Investors are also doing their fair share, with the likes of Picus Capital, Alexander Samwer’s investment vehicle post-Rocket Internet, Vito ONE, speared on by Viessmann Group’s youthful CEO, and many others are actively investing in Germany’s leading PropTech companies. As noted above, the real estate industry has a long operational life cycle, and these investors are patiently waiting for the undoubtedly large payoff at the end. Unicorn anyone?
Further down the chain, we also see Accelerators doing their fair share. Blackprint Booster is arguably one of Europe’s leading PropTech accelerators, competing directly with the UK’s Pi Labs in promoting and advising younger companies through the nuances of the sector. Blackprint also goes a step further, in that they are active in promoting PropTech via their involvement with the aforementioned initiatives and bodies.

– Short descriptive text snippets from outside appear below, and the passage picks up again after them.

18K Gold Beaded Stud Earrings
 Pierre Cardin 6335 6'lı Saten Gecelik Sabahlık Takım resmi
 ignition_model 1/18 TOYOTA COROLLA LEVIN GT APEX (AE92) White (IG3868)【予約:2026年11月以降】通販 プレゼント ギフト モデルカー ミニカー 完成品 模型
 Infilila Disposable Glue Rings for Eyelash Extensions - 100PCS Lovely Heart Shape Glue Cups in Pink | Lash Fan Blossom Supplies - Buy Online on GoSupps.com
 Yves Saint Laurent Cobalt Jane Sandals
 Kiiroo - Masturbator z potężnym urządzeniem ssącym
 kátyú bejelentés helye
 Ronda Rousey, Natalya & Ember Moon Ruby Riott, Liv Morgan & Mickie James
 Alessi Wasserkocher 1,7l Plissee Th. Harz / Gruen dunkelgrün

The Winners: What next and who will the fabled ‘Unicorn’ be
Admittedly it’s not all doom and gloom for German real estate, nor for the PropTech companies making notable inroads. Industry players such as Aareal, Techem and Vonovia are aware of the role technology has to play, investing and partnering with those PropTech companies they see best placed to help them transition. However, this realisation needs to trickle down through the rest of the industry, with the end consumer eventually being the one to benefit from what PropTech has to offer.
As for those German PropTech companies which will make it to Unicorn status, your guess is as good as mine. However, there are a handful of favourites, most notably Allthings, Home.ht, which I mentioned earlier, and Medici Living. Personally, now that I am based here, I hope that Germany beats the UK in announcing Europe’s first PropTech Unicorn, which it may just do.
As you might have guessed, this article is somewhat of a plug for us and our startup, Rentseed. Even so, we are two founders going through the (sometimes testing) steps of founding and running a new PropTech company in Germany. As such, we intend to share our experiences and knowledge in the hope that we can help others do the same.